Pour enfoncer le clou, le plan de Saadé Chami prévoyait l’annulation d’une part importante, soit environ 60 milliards de dollars, des engagements de la Banque du Liban en devises envers les banques commerciales. De plus, la stratégie prévoyait une recapitalisation partielle de la Banque du Liban à hauteur de 2,5 milliards de dollars sous forme d’obligations. Quant aux pertes en capital restantes, elles seraient progressivement annulées sur une période de 5 ans.

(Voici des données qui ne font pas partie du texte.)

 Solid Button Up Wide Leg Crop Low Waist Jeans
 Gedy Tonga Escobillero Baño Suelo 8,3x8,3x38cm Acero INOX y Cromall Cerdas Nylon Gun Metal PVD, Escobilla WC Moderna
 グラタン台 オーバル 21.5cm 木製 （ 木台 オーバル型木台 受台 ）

En ce qui concerne les recommandations du Fonds monétaire international, ce dernier insiste sur la nécessité d’assainir le secteur financier et de poser les fondamentaux nécessaires à sa pérennité afin que le Liban puisse dissiper l’incertitude actuelle et créer les conditions propices à une croissance économique solide. Les besoins de recapitalisation totale du système bancaire sont considérables et les pertes doivent être reconnues dès le départ et réparties équitablement, tout en protégeant les petits déposants. Le FMI souligne également que l’ajustement comptable gouvernemental est nécessaire pour libérer la Banque du Liban du lourd déficit de son bilan, responsable de l’énorme déficit par rapport aux actifs disponibles.

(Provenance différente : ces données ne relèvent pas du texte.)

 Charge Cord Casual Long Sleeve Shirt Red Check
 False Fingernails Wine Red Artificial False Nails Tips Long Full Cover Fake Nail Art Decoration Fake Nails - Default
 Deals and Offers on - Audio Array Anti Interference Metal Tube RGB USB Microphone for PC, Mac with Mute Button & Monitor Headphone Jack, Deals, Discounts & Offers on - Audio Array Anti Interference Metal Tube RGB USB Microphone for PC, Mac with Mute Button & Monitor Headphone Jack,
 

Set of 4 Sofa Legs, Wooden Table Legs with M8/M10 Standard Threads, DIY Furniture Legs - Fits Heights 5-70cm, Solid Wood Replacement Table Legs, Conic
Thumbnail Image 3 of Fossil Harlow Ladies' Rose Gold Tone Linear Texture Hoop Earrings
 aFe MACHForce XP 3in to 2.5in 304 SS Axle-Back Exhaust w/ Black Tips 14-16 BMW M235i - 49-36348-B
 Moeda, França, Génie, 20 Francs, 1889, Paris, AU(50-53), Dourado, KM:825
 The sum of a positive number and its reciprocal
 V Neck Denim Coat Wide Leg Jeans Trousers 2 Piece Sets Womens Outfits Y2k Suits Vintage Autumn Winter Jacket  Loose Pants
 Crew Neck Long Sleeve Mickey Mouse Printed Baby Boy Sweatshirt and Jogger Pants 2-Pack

Deux ans se sont déjà écoulés depuis la signature de l’accord avec le Fonds monétaire international, sans qu’aucune avancée significative n’ait été enregistrée. À titre d’exemple, le gouvernement libanais n’a pas encore osé entamer les négociations avec les détenteurs d’obligations, une étape qui aurait dû être franchie en mars 2020 lorsque le gouvernement dirigé par Hassan Diab avait pris la décision catastrophique de suspendre le remboursement des euro-obligations, annonçant ainsi le défaut du Liban sur sa dette. Toutefois, il ne fait aucun doute que certains progrès ont été réalisés concernant quelques-unes des conditions, comme la réalisation d’un audit des actifs externes de la Banque du Liban, ainsi que la présentation par le gouvernement d’un plan visant à remédier à la situation des banques, qui constitue une autre crise majeure.

Le projet de loi visant à traiter les dépôts prévoit d’éliminer 80% des dépôts en convertissant une partie d’entre eux du dollar vers la livre libanaise, ou en les transformant en actions dans les banques, ou en les convertissant en obligations à 0% d’intérêt sur 30 ans.

En d’autres termes, sur les 91 milliards de dollars de dépôts en devises étrangères, entre 16 et 20 milliards de dollars, soit environ 20% d’entre eux, seraient récupérés sur une période de 15 ans. Lorsqu’une partie des dépôts en dollars est convertie en livres libanaises, leur équivalent est effacé du bilan de la Banque du Liban. De même, chaque fois qu’une partie de ces dépôts en dollars est convertie en actions dans les banques, leur valeur correspondante est également effacée du bilan de la Banque du Liban. Cela démontre la persistance de l’idée de se débarrasser des dépôts. Cependant, selon des sources suivant de près les négociations avec le Fonds monétaire international, les experts du FMI ont décidé de changer de cap et d’abandonner cette approche après avoir pris conscience qu’éliminer les dépôts était irréalisable et compromettait ce qui reste du secteur bancaire.